## Task item:
Would you give the listing back word for word once its pictures are removed?

## Provided data:
+===+
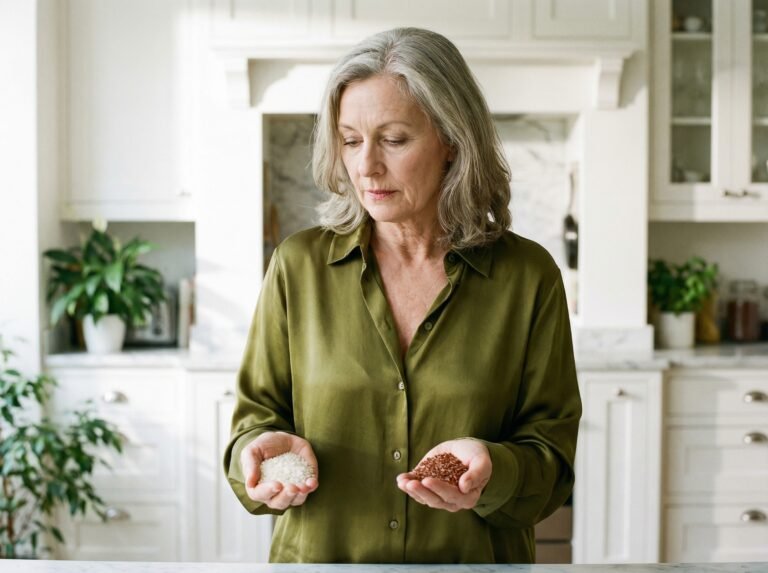 Woman deciding between red rice or white rice, holding both in her hands in an elegant kitchen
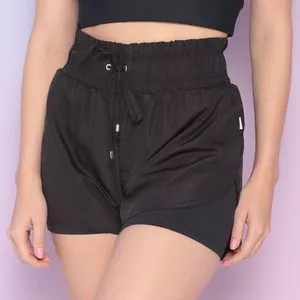 Short Com Recortes<BR>- Preto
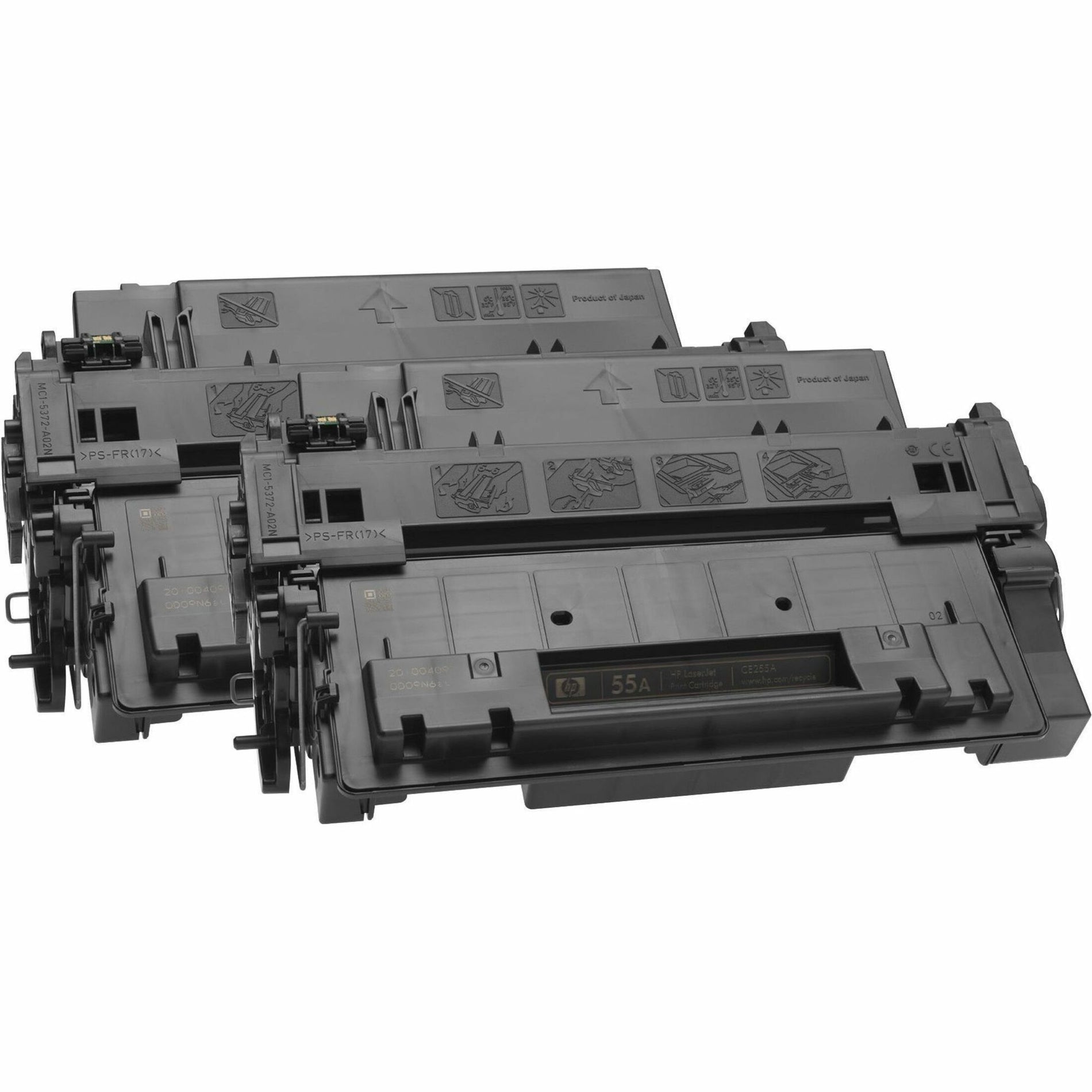 HP CE255XD 55X Toner Cartridges, 12,500 Page Yield, Black, 2/BX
+===+
## Output below:
 Woman deciding between red rice or white rice, holding both in her hands in an elegant kitchen
 Short Com Recortes<BR>- Preto
 HP CE255XD 55X Toner Cartridges, 12,500 Page Yield, Black, 2/BX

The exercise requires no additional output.